Bring back per-thread lazy initialization (#2863)

* Bring back per-thread lazy initialization

Platforms Wasmtime supports may have per-thread initialization that
needs to run before WebAssembly. For example Unix needs to setup a
sigaltstack and macOS needs to set up mach ports. In #2757 this
per-thread setup was moved out of the invocation of a wasm function,
relying on the lack of Send for Store to initialize the thread at Store
creation time and never worry about it later.

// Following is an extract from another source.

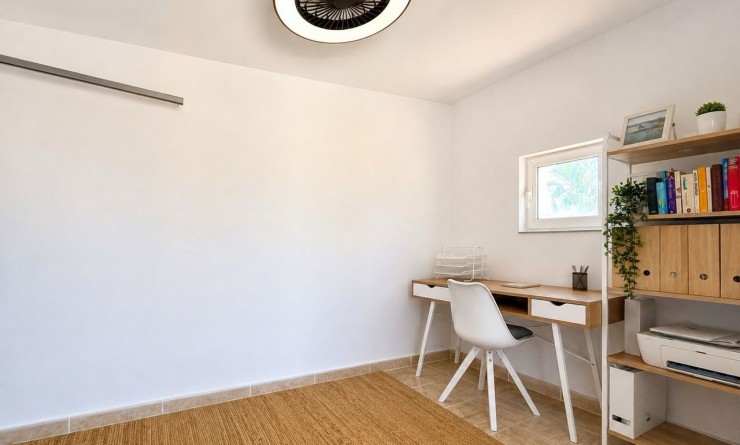 Revente - Villa - Villamartín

This conflicted with [wasmtime's desired multithreading
story](https://github.com/bytecodealliance/wasmtime/pull/2812) so a new
[`Store::notify_switched_thread` was
added](https://github.com/bytecodealliance/wasmtime/pull/2822) to
explicitly indicate a Store has moved to another thread (if it unsafely
did so).

It turns out though that it's not always easy to determine when a
`Store` moves to a new thread. For example the Go bindings for Wasmtime
are generally unaware when a goroutine switches OS threads. This led to
https://github.com/bytecodealliance/wasmtime-go/issues/74 where a SIGILL
was left uncaught, making it appear that traps aren't working properly.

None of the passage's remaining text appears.